Scrutinizing the impact of the solar modulation on AMS-02 antiproton excess

TL;DR

This paper investigates how different solar modulation models affect the interpretation of AMS-02 antiproton data, revealing that the significance of potential dark matter signals varies with the model and uncertainty treatment.

Contribution

It compares three solar modulation models and evaluates systematic uncertainties, highlighting their impact on dark matter signal significance in AMS-02 antiproton observations.

Findings

DM signal significance varies with the modulation model used.

The force-field approximation yields a 2σ to 4σ significance for dark matter.

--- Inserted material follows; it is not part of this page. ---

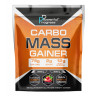Порошок Carbo Mass Gainer - 2000g Strawberry 100-47-7669347-20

Systematic uncertainty treatment methods influence the fit quality and interpretation.

Abstract

This study examines the impact of solar modulation on the antiproton excess observed by AMS-02, which may indicate dark matter (DM) annihilation. We analyze three solar modulation models: the force-field approximation (FFA), a time-, charge-, and rigidity-dependent FFA, and a three-dimensional numerical simulation based on the Parker transport equation. Based on AMS-02 latest antiproton data (2025), our results show that the significance of the DM signal is sensitive to the chosen modulation model, with a 2$\sigma$ signal for the FFA (4$\sigma$ if including data from H, He, C, O, B/C, and B/O) and a reduced significance for more complex models. We also address systematic uncertainties using two methods: the add-in-quadrature method, which assumes uncorrelated uncertainties between energy bins, and the nuisance parameter method, which treats systematic uncertainties as nuisance parameters during the fitting process. Fitted to AMS-02 antiproton data, DM annihilation to the $b\bar{b}$ scenario with three different solar modulation models shows that the add-in-quadrature method causes overfitting, whereas the nuisance parameters approach leads to underfitting. Statistically, the signal region of the FFA model using the add-in-quadrature method is the most reliable. This work highlights the need for refined solar modulation models and a better treatment of uncertainties for a conclusive interpretation of the AMS-02 data.